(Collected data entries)

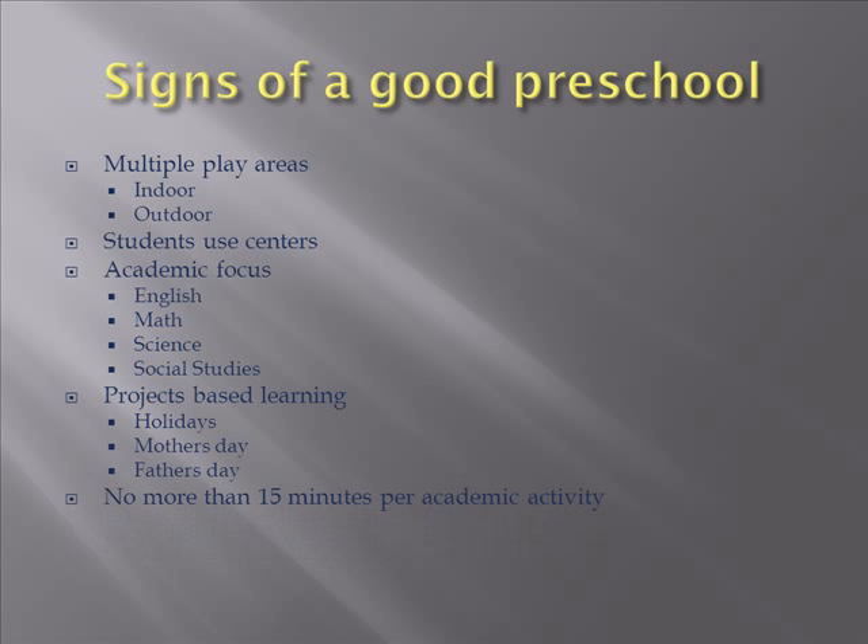Most places are going to be no more than 15 minutes per academic activity. Now there are going to be times where it goes to 20 or 30 minutes — we went to a play production at the library over the summer and they sat there for about 30 minutes. So there are times it goes over 15 minutes, but for the most part, 15 to 20 minutes is enough for kids that age, because at preschool, they want to go run and play.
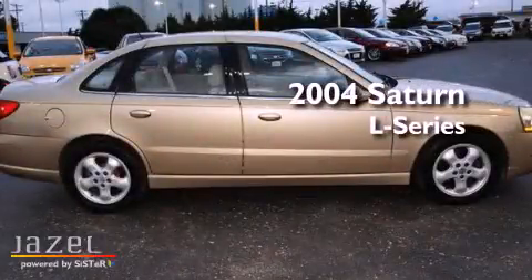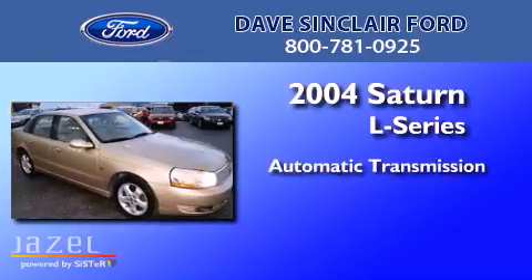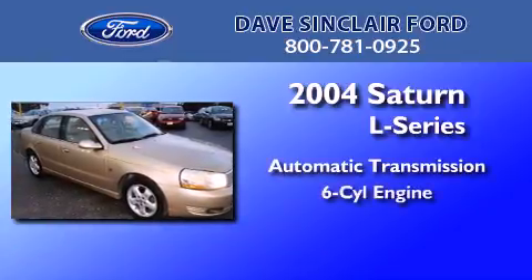This is a 2004 Saturn L Series. This car has an automatic transmission and a V6.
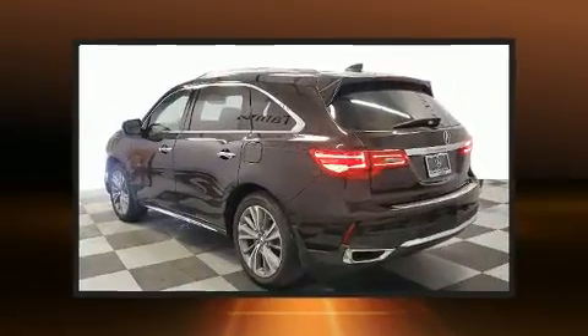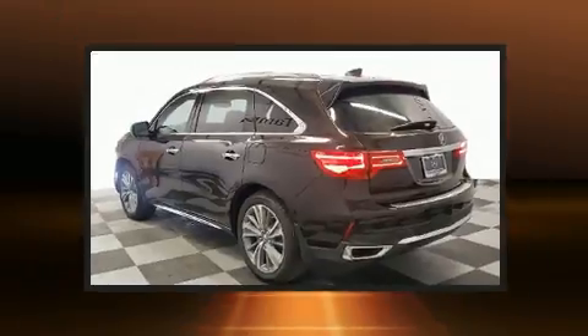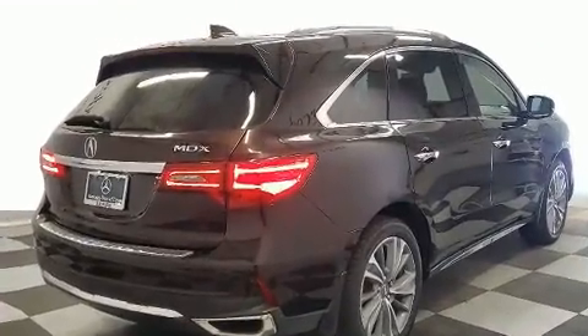Acura prioritized practicality, efficiency, and style by including power front seats, a built-in garage door transmitter, a power rear cargo door, and a split-folding rear seat.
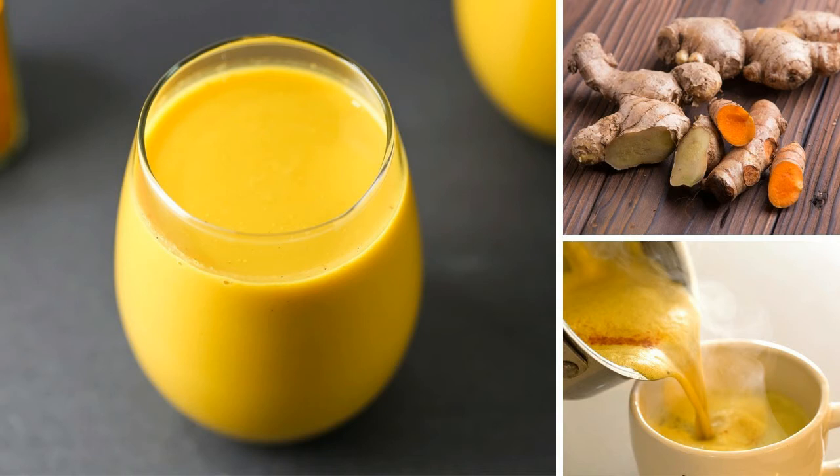Now that we have the ingredients, here's how we'll measure them and get started. Golden milk recipe: 1 teaspoon turmeric, 1 small fresh ginger root peeled and minced, 1 tablespoon coconut oil, dash of black pepper, 2 cups of coconut milk, 1 teaspoon honey, 1/2 teaspoon of cinnamon if desired.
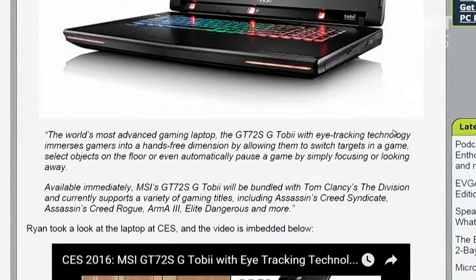As noted in the post, games with Tobii support include Assassin's Creed Syndicate, Assassin's Creed Rogue, Arma 3, Elite Dangerous, and the new Tom Clancy's The Division, which is coming out this month or in March. The laptop also includes a copy of The Division. The idea of Elite Dangerous with eye-tracking technology sounds really, really cool — a space sim with eye-tracking has a lot of potential to be useful and fun.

**Aim of the exercise**
The result should be an exact copy of only the lines above from the one that holds "Acura prioritized practicality, efficiency, and" through the one that holds "Now that we", both ends included, without pictures.

**Answer section**
Acura prioritized practicality, efficiency, and style by including power front seats, a built-in garage door transmitter, a power rear cargo door, and a split-folding rear seat.
Now that we have the ingredients, here's how we'll measure them and get started. Golden milk recipe: 1 teaspoon turmeric, 1 small fresh ginger root peeled and minced, 1 tablespoon coconut oil, dash of black pepper, 2 cups of coconut milk, 1 teaspoon honey, 1/2 teaspoon of cinnamon if desired.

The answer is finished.